Algorithmic text naturalization library — transforms machine-generated text into natural, human-like prose

Python 3.9+ PHP 8.1+ Tests License


TextHumanize is a text processing library that normalizes typography, simplifies bureaucratic language, diversifies sentence structure, increases burstiness and perplexity, and replaces formulaic phrases with natural alternatives. Available for Python and PHP.

Full language support: Russian · Ukrainian · English · German · French · Spanish · Polish · Portuguese · Italian

Universal processor: works with any language using statistical methods (no dictionaries required).


Table of Contents


Features

TextHumanize addresses common patterns found in machine-generated text:

Pattern Before After
Em dashes text — example text - example
Typographic quotes «text» "text"
Bureaucratic words utilize, implement use, do
Formulaic connectors However, Furthermore But, Also
Uniform sentences All 15-20 words Varied lengths
Word repetition important... important... Synonym substitution
Overly perfect punctuation Frequent ; and : Simplified punctuation
Low perplexity Predictable word choice Natural variation
Boilerplate phrases it is important to note notably, by the way

Key Advantages

  • Fast — pure algorithmic processing, zero network requests
  • Private — all processing happens locally, data never leaves your system
  • Controllable — fine-tuned via intensity, profiles, and keyword preservation
  • 9 languages + universal — RU, UK, EN, DE, FR, ES, PL, PT, IT + any other
  • Zero dependencies — Python standard library only
  • Extensible — plugin system for custom pipeline stages
  • Large text support — chunk processing for texts of any size
  • Readability metrics — Flesch-Kincaid, Coleman-Liau built-in

Installation

pip

pip install texthumanize

From source

git clone https://github.com/ksanyok/TextHumanize.git
cd TextHumanize
pip install -e .

Quick Start

from texthumanize import humanize, analyze, explain

# Basic usage
result = humanize("This text utilizes a comprehensive methodology for implementation.")
print(result.text)
# → "This text uses a complete method for setup."

# With options
result = humanize(
    "Furthermore, it is important to note that the implementation facilitates optimization.",
    lang="en",
    profile="web",
    intensity=70,
)
print(result.text)

# Analyze text metrics
report = analyze("Text to analyze for naturalness.", lang="en")
print(f"Artificiality score: {report.artificiality_score:.1f}/100")
print(f"Flesch-Kincaid grade: {report.flesch_kincaid_grade:.1f}")

# Get detailed explanation
report = explain(result)
print(report)

API Reference

humanize(text, **options)

Main function — transforms text to sound more natural.

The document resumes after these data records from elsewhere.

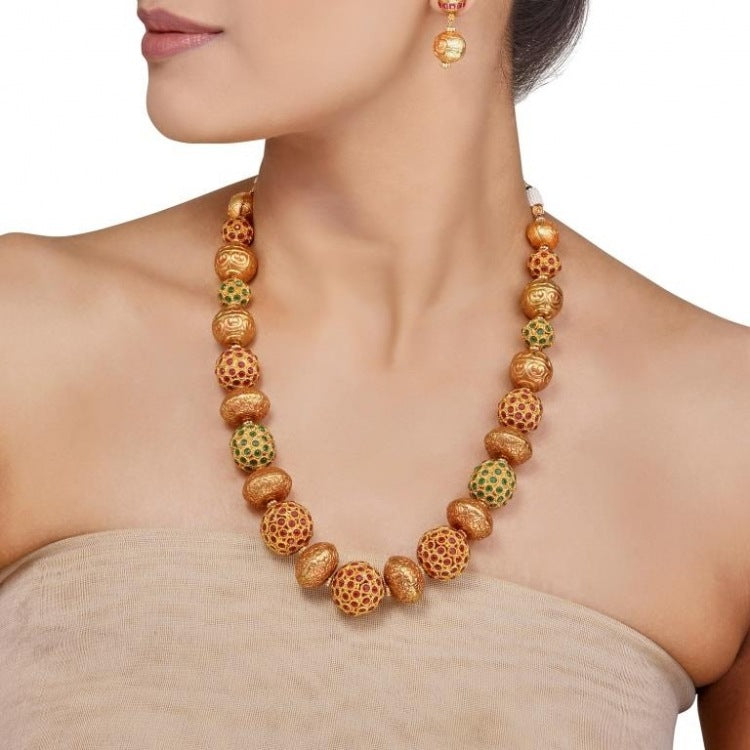 Ruby & Green Ball String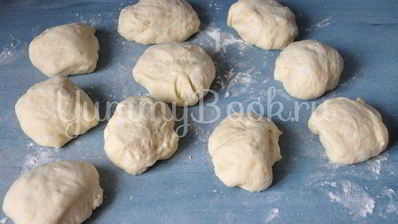 дрожжевые пирожки с капустой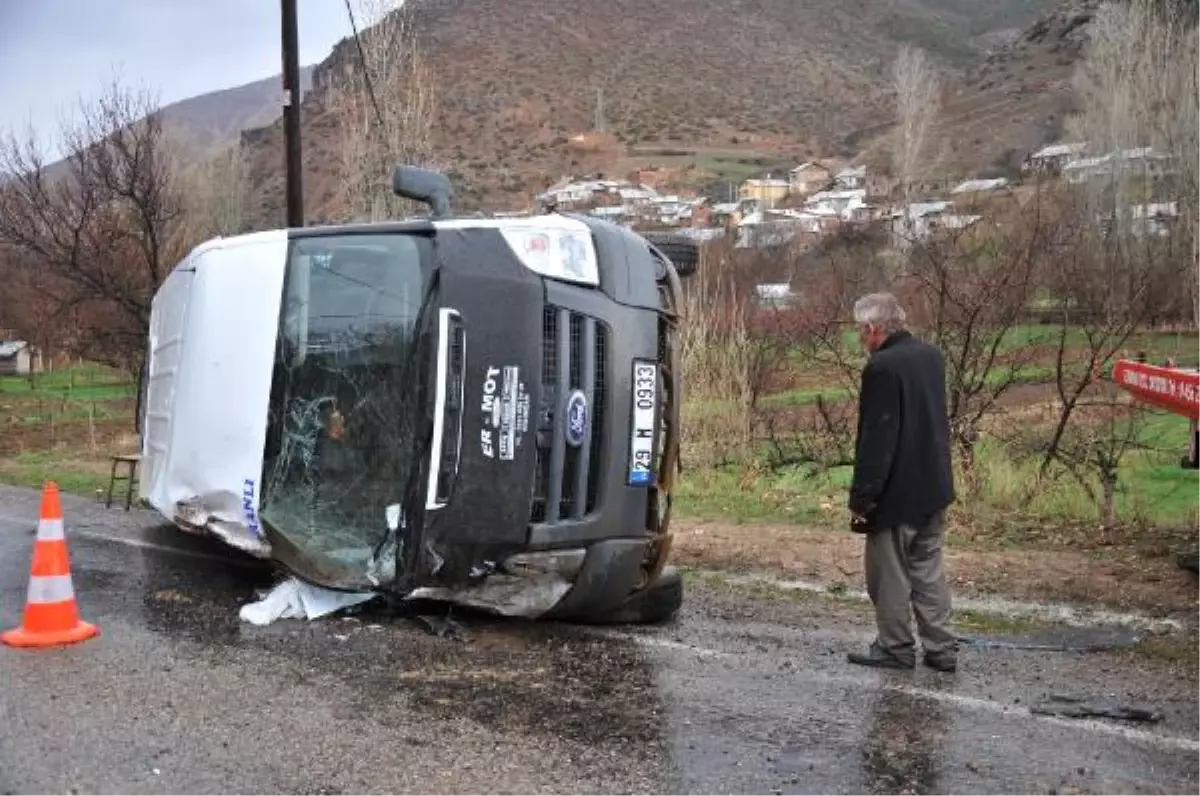 Gümüşhane\'de Trafik Kazası : 8 Yaralı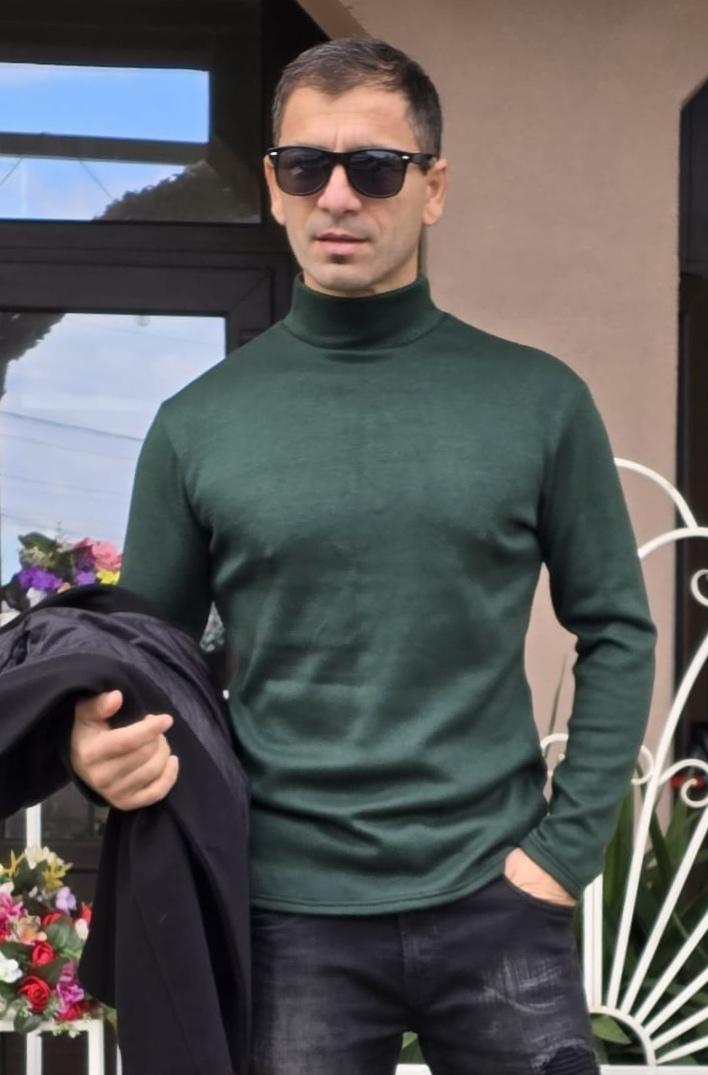 Maleta barbati, tricot gros, verde, slim fit.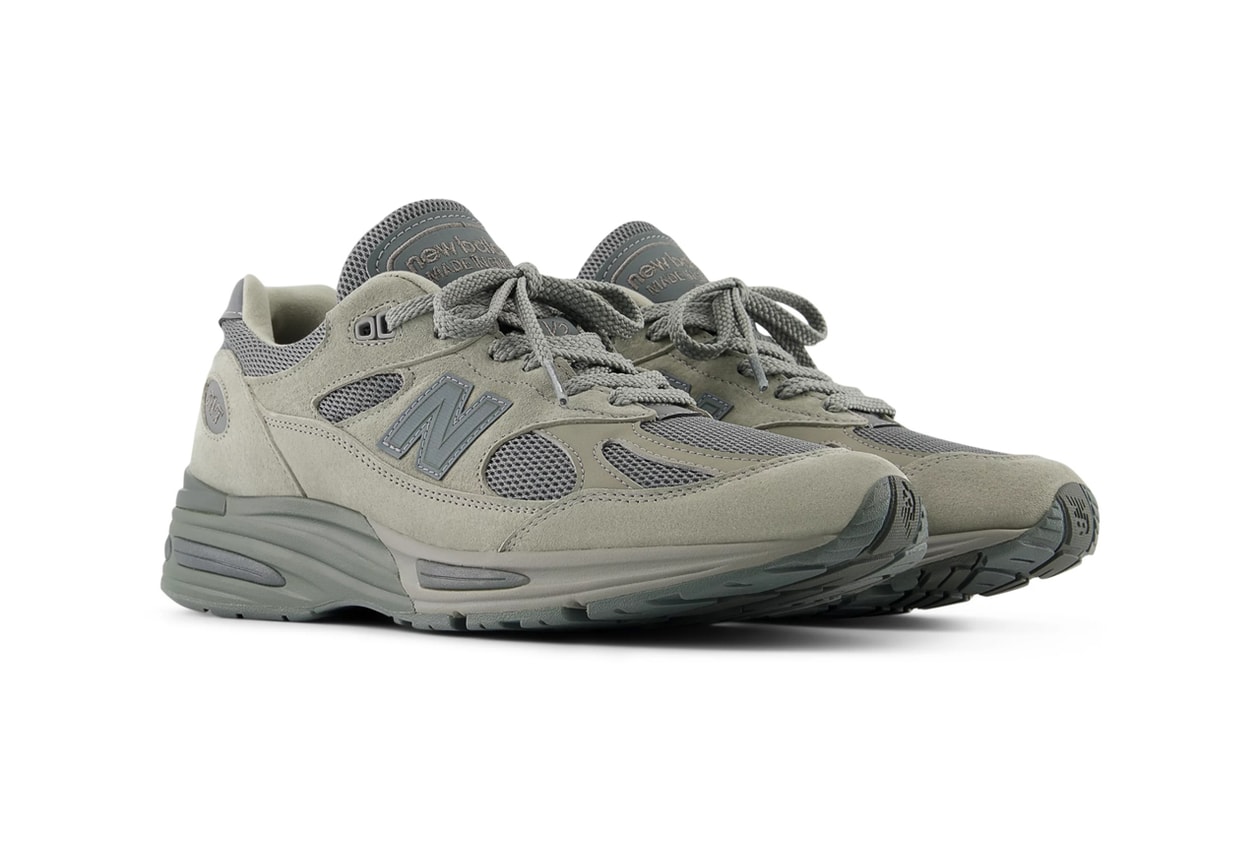 Best Sneaker Releases May 2025 Week 1 Nike A’One “Pink A’ura”  Swarovski x Crocs Classic Clog & Bae Clog  .SWOOSH x Nike Air Force 1 Low “Dirty Triple White” & “Triple Triple Black”  New Balance ABZORB 2010 “Vintage Khaki”  MM6 Maison Margiela x Salomon Spectur 2 & XT-4 Mule Willy Chavarria x adidas Jabbar Dress Low  sacai x Nike Zegamadome  thisisneverthat x New Balance Made in UK 991v2  Nike SB Dunk Low “Rodeo”  Air Jordan 1 High OG “UNC Reimagined”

from texthumanize import humanize

result = humanize(
    text="Your text here",
    lang="auto",        # auto-detect or specify: en, ru, de, fr, es, etc.
    profile="web",      # chat, web, seo, docs, formal
    intensity=60,       # 0 (no changes) to 100 (maximum)
    preserve={          # protect specific elements
        "code_blocks": True,
        "urls": True,
        "emails": True,
        "brand_terms": ["MyBrand"],
    },
    constraints={       # output constraints
        "max_change_ratio": 0.4,
        "keep_keywords": ["SEO", "API"],
    },
    seed=42,            # reproducible results
)

print(result.text)           # processed text
print(result.change_ratio)   # fraction of text changed (0.0-1.0)
print(result.changes)        # list of individual changes
print(result.metrics_before) # metrics before processing
print(result.metrics_after)  # metrics after processing

humanize_chunked(text, chunk_size=5000, **options)

Process large texts by splitting into chunks at paragraph boundaries.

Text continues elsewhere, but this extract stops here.